/EmoAR

Repository for Facial Emotion Recognition Project for Udacity Secure and Private AI Challenge Scholarship

Repository for Facial Emotion Recognition Project for Udacity Secure and Private AI Challenge Scholarship Team:#sg_speak_german

EmoAR

Facial expression recognition and Augmented Reality (AR)

A project by team #sg_speak_german:
            Mateusz Zatylny, @Mateusz
            Berenice Terwey, @Berenice
            Akash Antony, @Akash Antony
            Calincan Mircea Ioan, @Calincan Mircea Ioan
            Joanna Gon, @Joanna Gon

This project was planned and created as a team effort for the Facebook partnered Secure and Private AI challenge by Udacity and utilized the knowledge acquired in this course.

Short description of our project:

EmoAR is a mobile AR application (mobile device with ARCore support is required) that aims to recognize human facial expression in real time and to overlay virtual content according to the recognized facial expression. For example: Depending on the predicted facial expression, EmoAR would display randomized famous quotes about the expression, in AR. (Quotes can motivate people to take positive changes in their life.) The live AR camera stream of a mobile device (Android) is input to a segmentation tool (using tiny YOLO) that detects faces in the video frames in real time. The detected areas with a face are fed into a model that was trained on the public FER dataset (from a Kaggle competition 2013).
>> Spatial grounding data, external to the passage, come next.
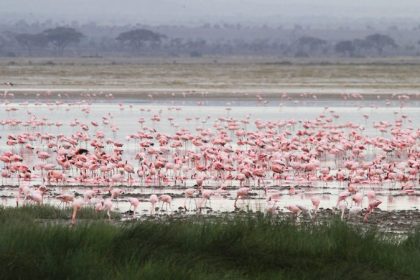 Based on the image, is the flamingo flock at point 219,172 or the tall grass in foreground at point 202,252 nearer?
the tall grass in foreground at point 202,252

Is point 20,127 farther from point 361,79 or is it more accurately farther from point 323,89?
point 361,79

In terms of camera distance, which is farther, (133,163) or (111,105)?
(111,105)

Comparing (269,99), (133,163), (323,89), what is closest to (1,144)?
(133,163)

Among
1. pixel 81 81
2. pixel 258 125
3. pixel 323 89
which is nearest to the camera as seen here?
pixel 258 125

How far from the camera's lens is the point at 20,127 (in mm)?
29828

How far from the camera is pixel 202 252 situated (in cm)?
994

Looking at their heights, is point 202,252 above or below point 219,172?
above

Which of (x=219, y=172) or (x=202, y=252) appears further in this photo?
(x=219, y=172)

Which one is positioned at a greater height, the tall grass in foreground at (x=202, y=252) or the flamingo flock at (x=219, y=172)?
the tall grass in foreground at (x=202, y=252)

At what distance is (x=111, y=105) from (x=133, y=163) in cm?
2190

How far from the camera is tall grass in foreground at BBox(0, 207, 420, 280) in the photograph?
8.99 meters

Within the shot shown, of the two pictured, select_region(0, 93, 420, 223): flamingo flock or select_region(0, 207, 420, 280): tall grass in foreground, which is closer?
select_region(0, 207, 420, 280): tall grass in foreground

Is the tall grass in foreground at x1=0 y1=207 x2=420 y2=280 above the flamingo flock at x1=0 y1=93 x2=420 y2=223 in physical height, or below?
above

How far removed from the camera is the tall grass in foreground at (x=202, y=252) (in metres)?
8.99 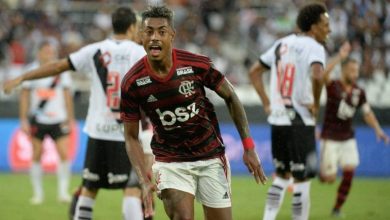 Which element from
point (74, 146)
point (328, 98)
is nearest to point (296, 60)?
point (328, 98)

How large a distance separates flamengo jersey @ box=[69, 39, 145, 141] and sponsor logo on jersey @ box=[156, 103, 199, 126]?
1803 millimetres

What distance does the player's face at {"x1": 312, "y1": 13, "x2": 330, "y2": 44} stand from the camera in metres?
9.13

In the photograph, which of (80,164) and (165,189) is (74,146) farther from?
(165,189)

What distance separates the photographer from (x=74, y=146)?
711 inches

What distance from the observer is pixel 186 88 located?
6648 millimetres

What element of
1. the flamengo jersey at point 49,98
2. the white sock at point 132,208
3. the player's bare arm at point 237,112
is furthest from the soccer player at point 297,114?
the flamengo jersey at point 49,98

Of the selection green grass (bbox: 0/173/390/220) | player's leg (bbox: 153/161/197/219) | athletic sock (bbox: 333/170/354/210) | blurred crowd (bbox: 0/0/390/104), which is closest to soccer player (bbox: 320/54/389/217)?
athletic sock (bbox: 333/170/354/210)

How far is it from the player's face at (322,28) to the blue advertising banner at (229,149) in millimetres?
8611

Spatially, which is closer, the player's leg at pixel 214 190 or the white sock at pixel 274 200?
the player's leg at pixel 214 190

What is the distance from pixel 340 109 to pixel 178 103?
6.76m

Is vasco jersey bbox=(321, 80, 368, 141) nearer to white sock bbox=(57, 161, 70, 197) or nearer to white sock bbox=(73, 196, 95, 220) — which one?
white sock bbox=(57, 161, 70, 197)

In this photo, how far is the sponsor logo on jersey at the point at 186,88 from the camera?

The facial expression of the detected face is determined in real time by using our trained model. Depending on the model prediction (the output result), different virtual content overlays the face and adapts to the face's position. This virtual augmentation of a face is done with Augmented Reality (ARCore).

Since ARcore is only supported by a small number of Android devices, we also deployed the model to a web app using Flask and Heroku, but without the AR feature.

project-diagram

Impact of EmoAR and its further implications

  1. Text overlays displaying the detected facial expression: EmoAR might help people with Asperger syndrome and autism in learning about the expression of a face.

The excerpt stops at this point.